Antoni Jaume 01.14.04 at 8:50 pm
The failures of the UN are most of the time due to the will of the USA.
DSW
Andrew Boucher 01.14.04 at 8:59 pm
“What can’t be right, though, is to commit an act that involves the killing of innocents simply for the demonstration effect (as suggested by Friedman’s “real†reason for the war).”
As someone already pointed out, Friedman makes a distinction between the “real” and the “right” reasons. But apparently that distinction is too subtle for many.
So Friedman is *not* “advocating that a state kill people … for demonstrative purposes.”
He would, however, I think the following. Suppose there are two countries, A and B. The “right” reason to attack applies in both cases. The “real” reason applies only to A. Then you are more right to attack A than B.
BigMacAttack 01.14.04 at 9:02 pm
Chris Bertram,
Nice response. I am not sure I am a utilitarian and I agree a plausible explanation is required.
But I do feel that in the abstract such a use of power could be plausible justified.
robin green 01.14.04 at 9:04 pm
Sebastian:
“Saddam was additionally attacked because he had set himself up as THE symbol for Arab ability to fight the US and win.”
Win?
Win?
What kind of alternate reality are you living in?
Name one time after the invasion of Kuwait (after Iraq very suddenly became not a US ally any more) when Iraq “won” against the US. Iraq the nation, that is, not Saddam the person.
“Furthermore, he supported terrorism in the region.”
Certain Saudi Arabian royals and Pakistan officials are believed to have been involved in funding the September 11 hijackers, but Saudi Arabia and Pakistan are apparently our allies. Certainly, irrespective of the truth of those particular allegations, funding terrorism was hardly unique to Saddam.
Removing terrorism funders from power must be a measured utilitarian response, and it can’t be a valid justification if more innocent people end up dead and maimed (several thousands, in fact) than were killed and maimed by the terrorists he supported in the first place. It wouldn’t be justified to carpet-bomb cities in the US where certain IRA funders reside, and it should no more be accepted as justification for the case of Iraq.
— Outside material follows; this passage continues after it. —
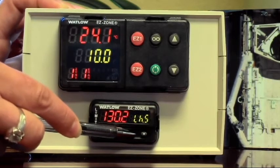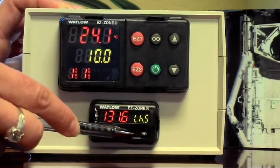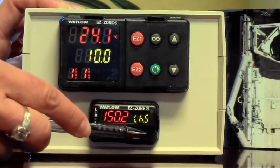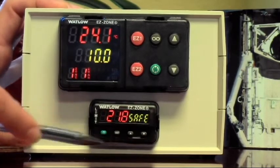Down arrow goes down, up arrow goes up. Use the down arrow to navigate to your desired temperature. Once you reach 150 degrees, press Reset — and that's all you have to do.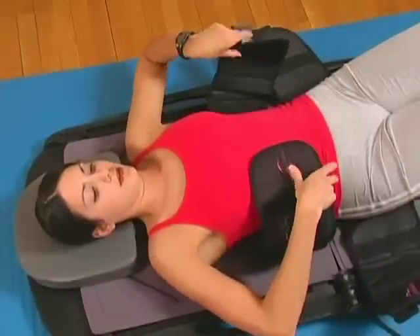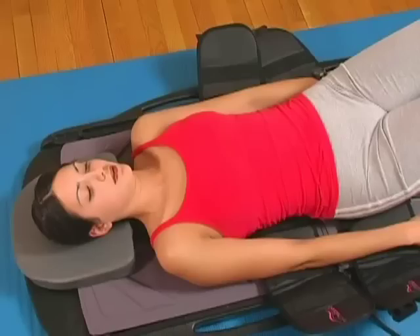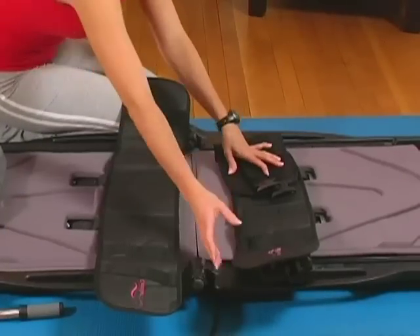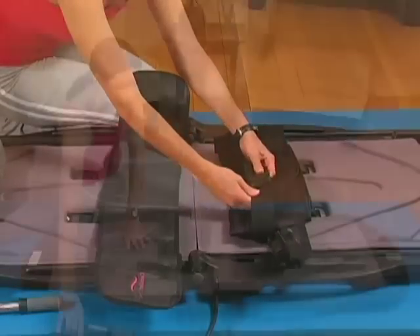Release the adjustable straps and relax for a couple of minutes before removing your body from the ComfortTrack lumbar traction device. Before returning the ComfortTrack lumbar device to the custom case, just refasten the buckles. No disassembly is required.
As for Saddam’s other commonly-cited crimes, the chemical gas attack at Halabja and the invasion of Kuwait, they were both committed with the US’s pre-approval (duplicitious pre-approval in the second case, of course). It is particularly perverse for the US to say that it is justified for them to kill thousands of innocents to get at one man (not the regime – they don’t mind the regime, see Milan Rai’s book “Regime Unchanged”) who they egged on, and who in the former case was their ally.
Our governments have funded terrorists, too. The US government employed ex-Nazi Klaus Barbie, who was wanted for war crimes in France, and who went on to commit more crimes against humanity in Bolivia.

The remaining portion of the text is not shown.